We should all thank our lucky stars that we have a Sane President.


----------



## Wickerthing

Independentthinker said:


> What on Earth are you babbling about? 80% of Americans say we are on the wrong track regarding pretty much everything. 80% of Americans are at least moderately afraid that Biden has brought us to the brink of a nuclear WWIII. Even Covid is making yet another comeback and the best the left can do is push the vaccines created due to the Trump administration. That's all they've got. Meanwhile, even Democratic politicians are jumping off ship rather than face the prospects of a huge blowout come the midterms, and polls show that if the 2024 election were held today, Trump would probably win. Biden couldn't pass his own agenda with his own party and now he is proposing big spending and huge tax increases which aren't even constitutional or workable on billionaires and millionaires so, once again, we will have yet more spending and more red ink and more inflation and higher interest rates.

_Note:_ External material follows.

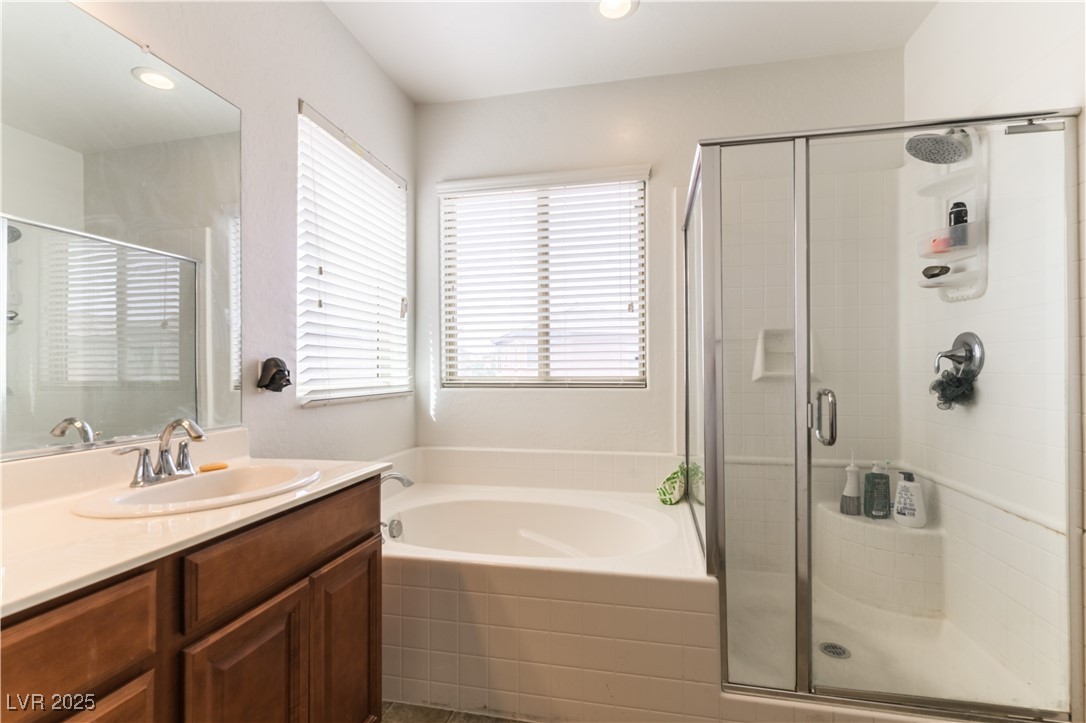 658 Forest Peak Street Property Photo 26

More fuckin polls?  We still have time to show the world what the Orange nutjob has been up to.  He's a sick, lying scoundrel and a clear and present danger to democracy.  And idiots like you want that back?  You're an imbecile, comrade.


----------



## Wickerthing

Lastamender said:


> Putz.


Shmuk!


----------



## Wickerthing

Who_Me? said:


> Is there any doubt?
> 
> I mean there is 7+ hours of missing call log info during the heart of the insurrection.  Trump is a joke.  He can't even lie properly.  I've never witnessed a bigger joke of a human being that him.


What just might be a bigger joke are the sheep who still believe a single Baah that comes from his Carp lips.  He's so obviously a simpleton and a con man that you'd have to be on LSD to see anything else.


----------



## Lastamender

Tumblin Tumbleweed said:


> Translation: I got nothing. So, search the board. Maybe you'll find something that illustrates... whatever fucking point I think I'm making, then I will update my talking points. Then I'll be right. Checkmate, libtardz...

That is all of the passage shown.